Last week we asked you, our readers, for questions that you'd like addressed. We received many great inquiries, and today we will address one:
"Can you talk about the importance of stillness in yoga practice?"
As we consider the importance or lack thereof of stillness, it is vital to consider the root question of any undertaking: what is the purpose? Before reading on, it is worth taking a moment to consider the purpose of your yoga practice. The form of your practice should serve its function, meaning that it should accomplish whatever it is that you are trying to achieve. This can be complicated when talking about yoga, because it has changed a lot over hundreds of years.
Stillness can be confusing and even controversial in today's Western yoga world. The majority of what is practiced as yoga today includes abundant movement, often referred to as "flow." Various bodily positions are fluidly linked together and transitioned between, with lots of Sun Salutes, a calisthenic exercise that incorporates regular breathing with stretching, a push-up-like movement and some spinal bending. The Sun Salute (Surya Namaskara) became popular in India in the 1920s.
A contrasting style focuses on positions held in stillness, anywhere from 10 seconds to several minutes. In the past decade or so, it has become fashionable to refer to any stillness-based method as hatha yoga, presumably to separate it from the movement-based vinyasa methods described above.
For the past hundred years or so, calisthenics, gymnastics, acrobatics and contortion have taken the name of yoga. This is why so much "yoga" in the West includes movement, strength, jumping, deep stretching, rhythmic breathing, getting the heart rate up, sweating, etc. Calisthenics and exercise have been known to improve physical and mental health, and it is no surprise that yoga practices have veered in this direction as our culture puts more and more value on fitness. But these tendencies--movement, health and fitness--are new to the yoga world.
The earliest extant texts on yoga, including the Upanishads, the Mahabharata and the Yoga Sutras, describe a practice of mental concentration, turning the senses, mind and intellect toward the inner self. This practice doesn't include moving the body in any particular position, other than holding it “steady like a pillar and motionless like a mountain. Then it can be said that they are practicing yoga.” (Mahabharata 12.294.15) According to these texts, stillness of the body is a prerequisite for yoga practice.

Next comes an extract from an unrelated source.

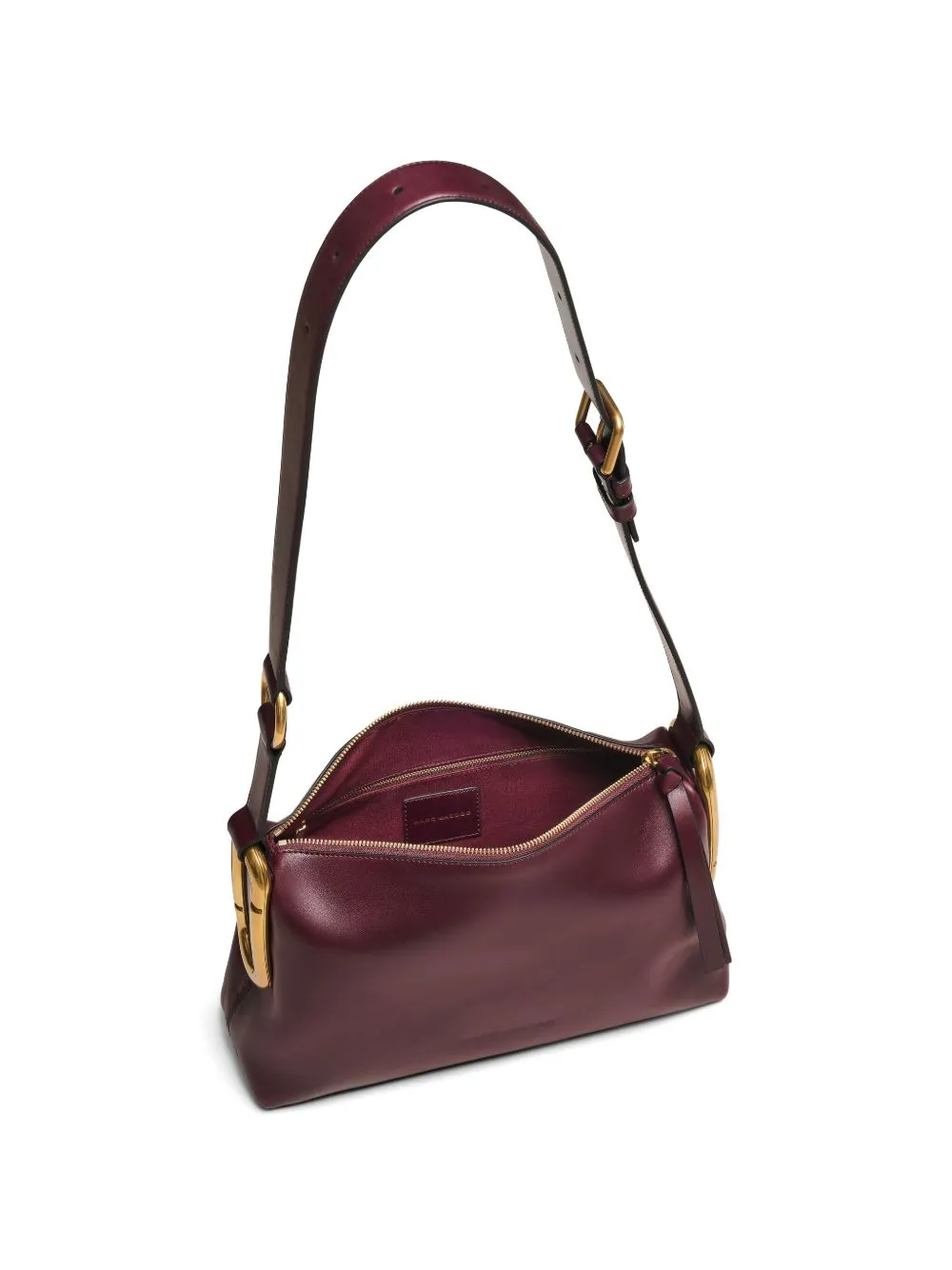 Scene Medium Leather Shoulder Bag sold by Wanan Luxury product image thumbnail 5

If the body is moving, the senses are stimulated, including the sense of touch and sight to enable coordination and balance. The senses draw the mind outward, preventing it from turning inward in anything that could be called yoga practice. According to the earliest texts, yoga is not a physical practice but a mental one. So focusing on what we are doing with the body can be misleading, lest we think that holding the body in stillness equals practicing yoga. But the body must be held "as motionless as a rock” (Mahabharata 12.294.14) for the true practices of yoga--the mental elements--to be done.
WHAT ARE YOU PRACTICING?
Over the past 100 years or so, increasingly physical activities have been labeled "yoga," bringing us to the present day, when yoga has the connotation of gentle exercise, stretching and perhaps some spiritual elements. The physical focus has become more central, and the mental/spiritual focus has diminished greatly.
If you want to improve your flexibility and reduce your stress, the low-impact exercises that are now known as yoga will be helpful. If you want to increase your cardiovascular endurance, you should do longer, more repetitive exercise like running or swimming. Even the most vigorous yoga practices only give a fraction of the cardiovascular benefit of running. If you want to lose weight, check what and when you are eating, your stress and sleep. If you want to understand the nature of your mind, being and who you are, the meditative practices of yoga are for you.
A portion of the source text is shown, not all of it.